Redesign: Bellevue University Design Page


Creative Brief

Background Summary: The current web site for the graphic design program at Bellevue University is considered out of date in regards to how the university positions it’s branding, responsive capability, and there exists a desire to promote Bellevue University graphic design student creativity.

Overview: A single page site is needed for the graphic design program at Bellevue University.

Drivers: To modernize the current website.

Audience: Those interested in campus learning or on-online learning for themselves or others.
1.16 – 24 male and female students
2. Non-traditional students
3. Transfer students
4. Families
5. Guidance Counselors

Tone: Academic excellence and while showcasing creative excitement.

Message: A celebration of life and goodness can be achieved through the enjoyment of good food.

Visuals: All visuals should reinforce a creative, forward thinking design aesthetic.

Details: Page must have;
1. Degree Overview
2. Traditional / Online
3. Admission / Tuition
4. Computer Requirements
5. Curriculum (with descriptions)
6. Benefits
7. links to and
8. images (may be stock or illustrations)

Targeted Message: A smart choice for the creative individual.


The 5 Ws
Who: perspective students and their family
What: design degree from Bellevue University
When: pre-enrollment and currently enrolled
Why: to offer a broad knowledge base for those interested in the graphic design program

Audience Overview – interested in campus learning or on-online learning
1.16 – 24 male and female students
2. Non-traditional students
3. Transfer students
4. Families

Design trends for college/university websites source
1. Notable division between content sections that allow for a user to quickly skim the page contents.
2. Heavy use of photos showcasing the campus and student life. Usually in sideshows or carousels.
3. Copy follows a strong typography hierarchy that also brings related content together.
4. With effective while space, high content density provides an impact front page.
5. Comprise subtle differences in layout when compared to other sites, such as image backgrounds, or
deviating from standard composition layouts.

Technical Research
The single page redesign for the Bellevue University graphic design website will require the following:
1. Responsive layout
2. A menu system that directs the user down the page. The menu will also need to be “persistent” and
locked to the top of the page.
3. Information may need to be “hidden” until needed through the use of modal boxes.
4. Imagery and other content needs to be presented in a way that encourages vertical scrolling.

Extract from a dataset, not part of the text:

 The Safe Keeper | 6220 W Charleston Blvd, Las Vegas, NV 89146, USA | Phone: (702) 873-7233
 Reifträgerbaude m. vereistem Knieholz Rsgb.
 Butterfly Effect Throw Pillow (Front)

Questionnaire – I asked a communications professional five questions on their perspective of the existing Belleuve University Graphic Design program website.

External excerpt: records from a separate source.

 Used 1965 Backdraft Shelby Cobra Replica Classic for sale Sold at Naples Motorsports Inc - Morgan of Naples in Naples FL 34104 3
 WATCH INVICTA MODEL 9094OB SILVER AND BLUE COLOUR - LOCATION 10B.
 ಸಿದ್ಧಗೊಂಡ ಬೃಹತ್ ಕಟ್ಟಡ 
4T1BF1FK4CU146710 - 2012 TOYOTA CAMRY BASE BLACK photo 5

1. How effective is this page’s layout?
The header image “build a career in science and information technology” doesn’t match with the page’s
content. The request information box is placed effectively. Page lacks any student work or any design.
Too much copy.

2. What can be changed to improve its messaging?
Show people doing graphic design. More visuals are needed, especially student work. Copy needs to
be edited down. Headers need to be bolded. “Most Affordable” badge needs moved to top. Past or
current students testimonials.

3. How do you view the effectiveness of the site’s images?
Images lack any sort of diversity. The video preview window is too small and is uninviting.

4. How directed is it towards the site’s audience?
Skimming to find quick information for each area of the site’s audience is hard to find. The benefits
could be broken out according to different needs of each type of site visitor.

5. What other suggestions do you have for the site’s redesign?
The copy is hard to read. Very small. Visuals on every section, under each tab. Use of bullet lists over
numbered lists. For benefits, each header should be above each description.

I performed some visual research on five colleges/universities that have graphic design programs. The idea was to get a better understanding of what other similar web sites looked like, and to determine what worked and what didn’t.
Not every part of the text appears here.